Eine weitere Tragödie der Armut und Ausgrenzung. Eine Schande für die Stadt Rom und unser Land. So kann und darf niemand sterben. Wie der kleine Marius im August. Es ist, als ob man nichts dazugelernt hat. Vier Kinder sind bei lebendigem Leib verbrannt. Die leidgeplagte Familie wurde in zehn Jahren schon dreißig Mal aus einem Lager vertrieben. Diese Tragödie ist ein Aufruf zum Innehalten für die ganze Stadt.
In der Hauptstadt und in Italien liegt die Lebenserwartung der Roma bei der Geburt unter fünfzig Jahren, auch wenn man nicht als Kinder verbrennt oder erstickt und eine Bevölkerung von jungen Leuten ist. Man ist nicht fähig, die einzig notwendige Sache für die Roma zu tun und ihnen eine lebenswürdige Wohnmöglichkeit zu geben und demzufolge eine dauerhafte Politik zur Schuleingliederung zu gewährleisten.
Wir müssen innehalten. Wir erwarten von Seiten der Verantwortlichen und der öffentlichen Meinung, dass auch die Sprache verändert wird. Die Armen, die nicht mal das Minimum besitzen und aus tausend Gründen in unerträglichem Zustand leben müssen, sind niemals eine Bedrohung für den "Anstand". Vielmehr sind Armut und Ausgrenzung "unanständig". Eine Entrümpelung des Denkens ist notwendig. Ohne das verbreitete Klima von Intoleranz werden wirksame und dauerhafte Lösungen möglich.

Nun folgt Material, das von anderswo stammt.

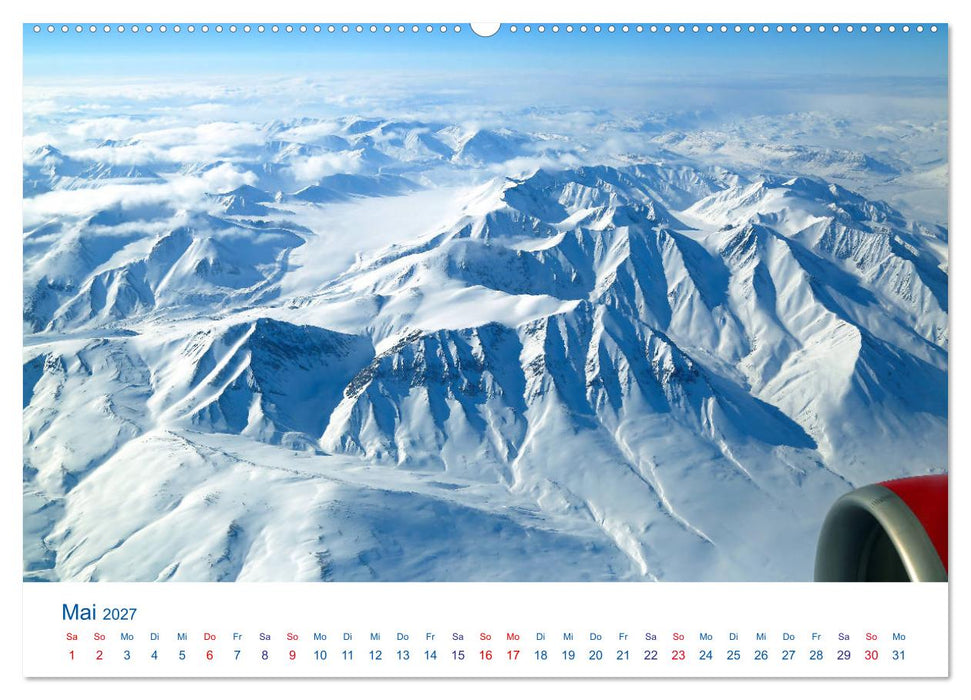 Polarflug Kurs Nordpol (CALVENDO Wandkalender 2027)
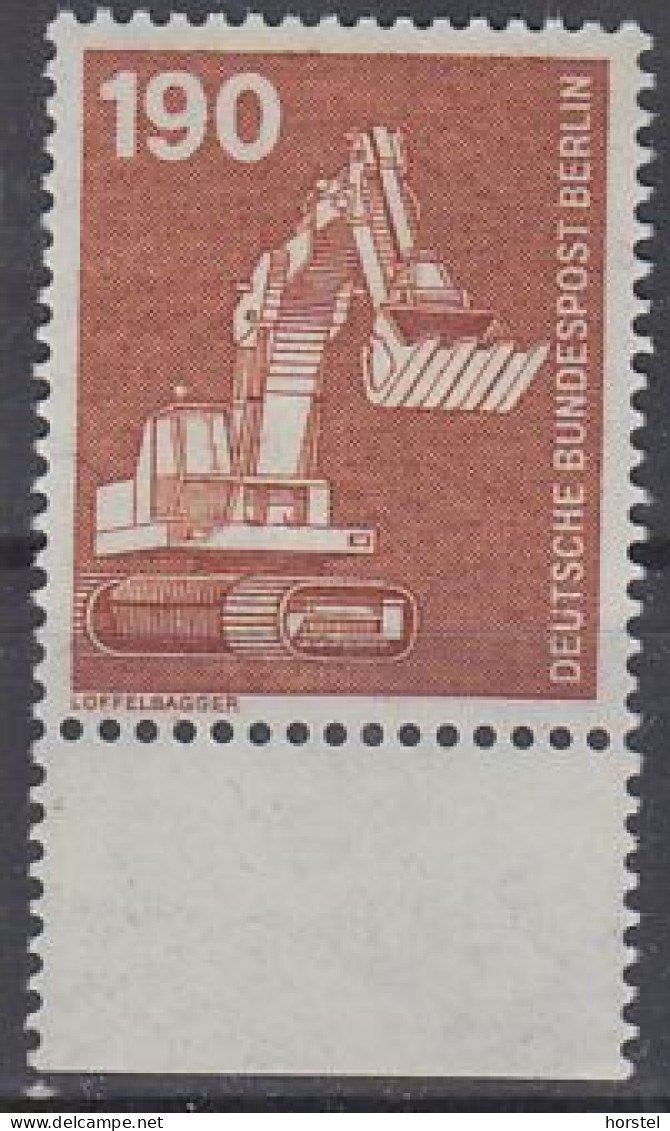 Berlin Mi.670 - Serie Industrie Und Technik - Löffelbagger Mit Rand - Neufs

Der Anstand der Stadt und das Ende des Verfalls werden sichtbar, wenn niemand, ob Roma oder nicht, auf solche Weise leben und sterben muss. Leider warten wir schon seit Jahren darauf: "Entrümpelungen" werden durchgeführt, oft von der Bevölkerung gefordert und den Ordnungskräften am frühen Morgen durchgeführt, wobei mit den Baracken auch persönlicher Besitz, Bücher und Hefte zerstört werden. Das sind vielleicht kleine Schäden, aber sie bleiben immer im Gedächtnis der Romakinder haften, während alle gleichgültig bleiben, als ob sie keine Menschen sind.
Illegale Ansiedlungen werden geräumt, aber auch vom Gemeinwesen bezahlte Unterkünfte, wie es neuerdings geschehen ist. Doch ohne eine bessere, gleichzeitige Alternative für alle verlieren sich die Familien und Romagruppen in der Region, der Schulbesuch wird schwieriger, auch der Erwerb von Arbeitsplätzen und die Anwesenheit von Ordnungskräften in bekannten Ansiedlungen. So entstehen spontane Ansiedlungen und Ansätze für den Verfall der Stadt mit Baracken, Zellophanhäusern und Regionen, in denen niemand leben möchte und in denen man leicht durch einen Ofen verbrennt oder schon als Kleinkind Atemprobleme bekommt.
Wir fordern die kommunale und staatliche Verwaltung auf, eine weitsichtige Politik zu beginnen, um Orte und Wege zu einem würdigen Leben für die Roma zu finden. Wir fordern einen besonderen und beispielhaften Plan - auch mit Unterstützung der Europäischen Union - um auf öffentlichen oder städtischen oder privaten Grundstücken ein Modell zu errichten. Auch die Roma möchte in Häusern leben.
Die Gemeinschaft Sant'Egidio lädt alle Römer zu einer Gebetswache ein, um der Kinder Sebastian, Patrizia, Fernando und Raul zu gedenken, damit diese Trauer zur Trauer der ganzen Stadt werde, aber auch zu einem Zeichen der Gastfreundschaft für viele Romafamilien, die sich in dieser Stadt nicht aufgenommen fühlen.
Möge die Hauptstadt Rom im 150. Jahr der Einheit Italiens die Energien und die Intelligenz finden, um eine überwiegend aus Kindern bestehende Minderheit aufzunehmen.